Matt Kupfer '12 named Carnegie junior fellow
Alumnus rejoices in award, encourages others to study abroad
Matthew Kupfer, who has been studying advanced Russian in St. Petersburg since graduating Brandeis Phi Beta Kappa last year, has been named a junior fellow at the Washington, D.C.-based Carnegie Endowment for International Peace.
A double major in international and global studies and anthropology with a minor in Russian studies, Kupfer has long been deeply interested in Russia and Central Asia. He wrote his honors thesis on “Interethnic Conflict in Southern Kyrgyzstan” after witnessing the conflict in Osh firsthand while living with an Uzbek family during a summer internship.
The Carnegie fellowship “is a great thing – I get paid to do what I really enjoy doing,” Kupfer said in a recent telephone conversation from St. Petersburg, where he said he is “living with a Russian family, blogging and doing a little bit of journalism under the table.”
He reports and writes for EurasiaNet.org, which will soon publish an article he has written on the Jews of Kyrgyzstan, and blogs at registan.net on Central Asian politics, culture and development.
Kupfer said he hopes the Carnegie fellowship, during which he will research critical issues in world and regional politics “will give me a greater sense of what I want to accomplish in this field and what I might do next.” But he is in no hurry, as he notes that “Russia has an enormous presence in Central Asia and Central Asia is a major topic in Russia.

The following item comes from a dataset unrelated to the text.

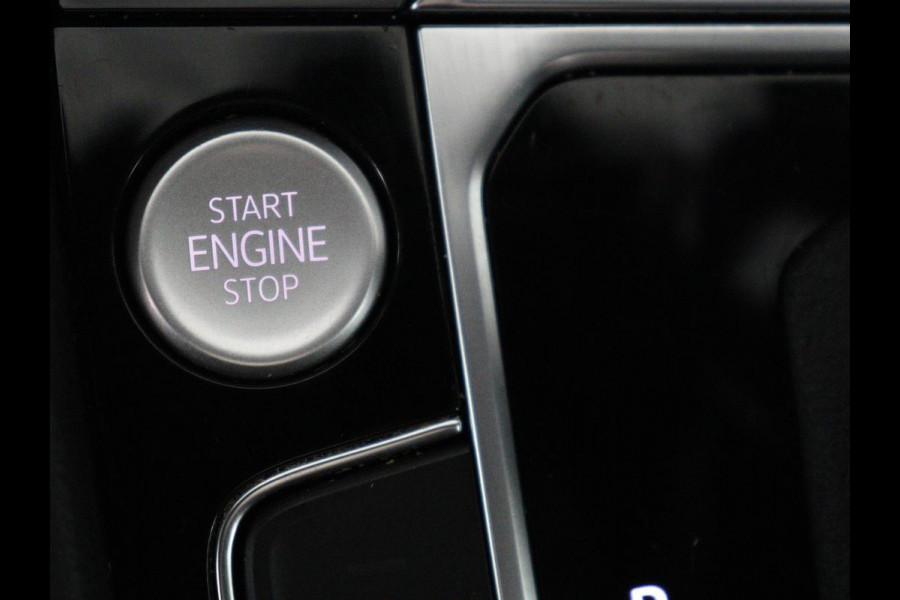 Volkswagen Arteon Shooting Brake 1.4 TSI eHybrid R-Line | Panoramadak | Stoelverwarming | LED Plus | Sfeerverlichting | Carplay | Trekhaak | Achterbankverwarming | Adaptive cruise | Navigatie | PHEV | Plug In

I don’t have to decide yet.”
Kupfer stressed the benefits of studying overseas as an undergraduate, “especially if you do it with the intent of really learning about a country or learning a language. It really helps you get a new perspective.”

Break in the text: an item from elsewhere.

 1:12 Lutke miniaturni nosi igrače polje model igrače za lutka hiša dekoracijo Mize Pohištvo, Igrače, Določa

He also encouraged others to enter his specific area of interest. “There are a lot of very important issues in Russia and post-Soviet Central Asia in general that are sometimes overlooked,” he said. “It’s not too trendy right now.”
Since graduation, Kupfer has been studying in the Overseas Flagship Program in St. Petersburg, a prestigious Russian language program administered by the American Councils of Teachers of Russian for students who aspire to professional fluency. The program concludes May 17, after which he plans to travel to Kazakhstan, visit his family in Phoenix and look for a place to live in Washington.
As a junior fellow, Kupfer will provide research assistance to associates of the Carnegie Endowment’s Russian/Eurasian projects. In the past, junior fellows have had the opportunity to conduct research for books, co-author journal articles and policy papers, participate in meetings with high-level officials, contribute to congressional testimony and organize briefings attended by scholars, activists, journalists and government officials.